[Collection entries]
Segment Open

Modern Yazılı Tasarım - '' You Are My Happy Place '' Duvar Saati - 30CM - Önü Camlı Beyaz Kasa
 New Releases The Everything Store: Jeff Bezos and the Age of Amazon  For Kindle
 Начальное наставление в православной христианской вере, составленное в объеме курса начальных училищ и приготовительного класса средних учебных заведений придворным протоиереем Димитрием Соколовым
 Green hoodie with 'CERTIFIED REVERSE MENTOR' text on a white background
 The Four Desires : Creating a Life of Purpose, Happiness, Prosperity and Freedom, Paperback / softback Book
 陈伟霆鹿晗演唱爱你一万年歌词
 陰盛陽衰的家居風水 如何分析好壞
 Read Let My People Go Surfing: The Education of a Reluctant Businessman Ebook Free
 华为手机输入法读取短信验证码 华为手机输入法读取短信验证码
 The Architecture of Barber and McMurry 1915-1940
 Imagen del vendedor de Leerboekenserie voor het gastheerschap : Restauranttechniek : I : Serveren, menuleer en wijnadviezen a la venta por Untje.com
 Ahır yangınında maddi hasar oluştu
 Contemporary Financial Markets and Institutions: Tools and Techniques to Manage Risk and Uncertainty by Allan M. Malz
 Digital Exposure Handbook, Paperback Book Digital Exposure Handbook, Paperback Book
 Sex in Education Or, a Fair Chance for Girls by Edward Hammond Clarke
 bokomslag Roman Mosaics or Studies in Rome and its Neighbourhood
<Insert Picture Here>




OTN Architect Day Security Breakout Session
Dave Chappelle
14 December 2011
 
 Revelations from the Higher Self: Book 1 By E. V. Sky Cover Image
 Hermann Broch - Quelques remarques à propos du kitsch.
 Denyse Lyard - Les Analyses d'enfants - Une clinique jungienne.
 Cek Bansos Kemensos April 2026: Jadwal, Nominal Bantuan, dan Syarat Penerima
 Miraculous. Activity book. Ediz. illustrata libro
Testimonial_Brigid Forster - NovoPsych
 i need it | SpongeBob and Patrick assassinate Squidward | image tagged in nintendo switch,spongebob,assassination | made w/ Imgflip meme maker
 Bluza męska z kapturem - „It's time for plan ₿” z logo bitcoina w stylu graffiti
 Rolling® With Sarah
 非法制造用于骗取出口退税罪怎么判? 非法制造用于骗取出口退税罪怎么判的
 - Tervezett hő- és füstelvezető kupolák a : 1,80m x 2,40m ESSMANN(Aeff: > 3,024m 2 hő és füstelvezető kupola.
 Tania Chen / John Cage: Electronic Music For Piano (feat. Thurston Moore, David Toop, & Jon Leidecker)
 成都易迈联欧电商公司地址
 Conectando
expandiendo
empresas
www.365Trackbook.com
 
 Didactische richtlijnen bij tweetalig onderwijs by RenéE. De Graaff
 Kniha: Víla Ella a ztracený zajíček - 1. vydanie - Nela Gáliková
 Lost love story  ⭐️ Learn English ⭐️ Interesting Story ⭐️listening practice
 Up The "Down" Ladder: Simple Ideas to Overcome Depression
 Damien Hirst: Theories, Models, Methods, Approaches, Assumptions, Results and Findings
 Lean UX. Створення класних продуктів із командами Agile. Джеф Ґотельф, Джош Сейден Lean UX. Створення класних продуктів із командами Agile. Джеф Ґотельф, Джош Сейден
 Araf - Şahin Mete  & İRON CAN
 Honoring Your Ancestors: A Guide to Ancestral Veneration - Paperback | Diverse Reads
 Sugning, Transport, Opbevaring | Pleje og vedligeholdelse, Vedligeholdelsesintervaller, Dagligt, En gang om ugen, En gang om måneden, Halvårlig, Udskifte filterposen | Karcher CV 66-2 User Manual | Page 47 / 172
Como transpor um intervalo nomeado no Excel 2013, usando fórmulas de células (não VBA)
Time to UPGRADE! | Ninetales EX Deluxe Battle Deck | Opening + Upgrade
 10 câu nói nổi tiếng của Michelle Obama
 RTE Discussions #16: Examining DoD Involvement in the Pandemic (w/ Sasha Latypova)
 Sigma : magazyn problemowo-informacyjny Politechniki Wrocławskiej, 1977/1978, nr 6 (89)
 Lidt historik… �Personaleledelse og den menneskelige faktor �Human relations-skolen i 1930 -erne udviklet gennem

Segment Closed

**TASK ITEM**
Search the entries for "Paperback" and copy out each line that has it.

**ANSWER BOX**
 The Four Desires : Creating a Life of Purpose, Happiness, Prosperity and Freedom, Paperback / softback Book
 Digital Exposure Handbook, Paperback Book Digital Exposure Handbook, Paperback Book
 Honoring Your Ancestors: A Guide to Ancestral Veneration - Paperback | Diverse Reads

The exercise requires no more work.